|
It's good to communicate for a general audience, but your presentation misleads rather than simplifies. > meaning the combined measurement accurately predicts how a potential college applicant will perform in their first year of college 56% of the time. "accurately predicts...56% of the time" implies that half of predictions are 'accurate', which most readers would interpret as 'correct' i.e. knowing SAT + HSGPA allows you to state FYGPA _exactly_ for about half of cases. That's not what the research you cited says. Rather, the square of the multiple correlation R (which is exactly R^2, the coefficient of determination) indicates how much of the variance in the output variable is explained by the input variables. That quantity _must_ be communicated in terms of the strength of the relationship, not accuracy for a given or share of cases as it doesn't tell us anything about a given case. One could say it tells us about 30% (0.56^2, correction from my statement above) of the information we'd need to know to perfectly predict the outcome, or that the relationship is better than random, but doesn't predict perfectly, or ... Additionally, table 5 of the link you cited indicates the adjust correlation coefficient b/w FYGPA and the combination of HSGPA and SAT is 0.62. None of the numbers in that table are 0.56, so I'm not sure where you pulled that exact number from. I've used 0.56/56% above to be clear which quantity I'm referring to. |
Again, if you can simplify this in a way more accurate than I have, great, be my guest-- I look forward to reading it.
R^2, coefficient of determination, output variable variance, etc etc -- most readers aren't going to go that deep in the math.
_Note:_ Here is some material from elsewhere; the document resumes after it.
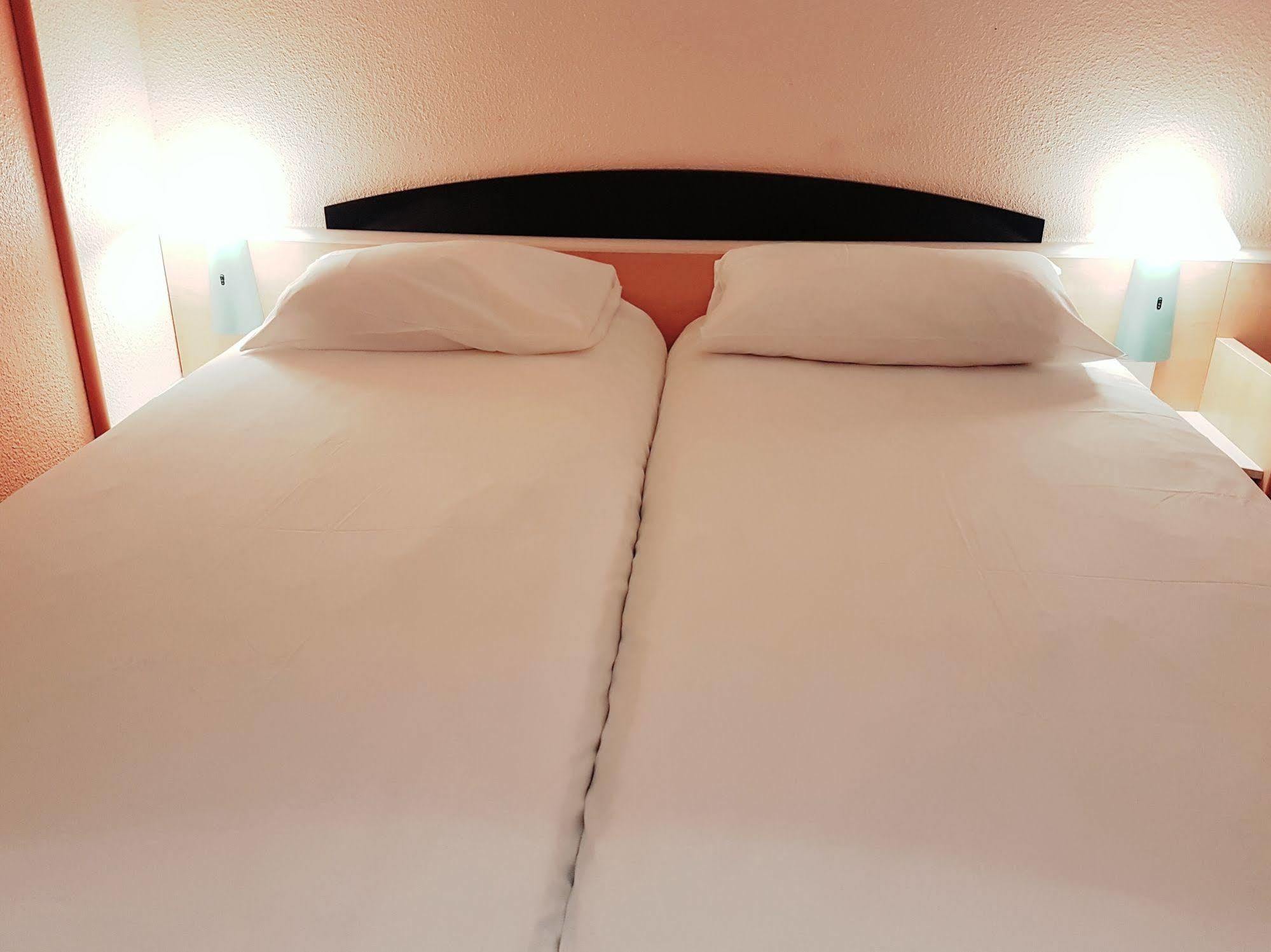 Ibis Archamps Porte De Geneve Exterior foto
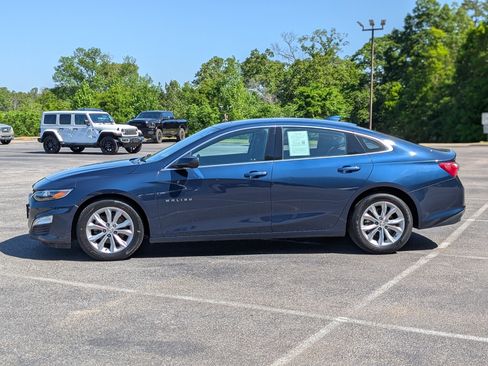 Used 2022 Chevrolet Malibu LT FWD image 6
For those who do, like you, the links to the actual research is provided.
But so far all I see are data scientists complaining about how my description is not 100% statistically accurate without providing any alternative explanation that doesn't devolve into variance of output variables.
Again, be my guest to show me I'm wrong, but what you wrote above is not something that would be easy to understand for the general audience, IMHO.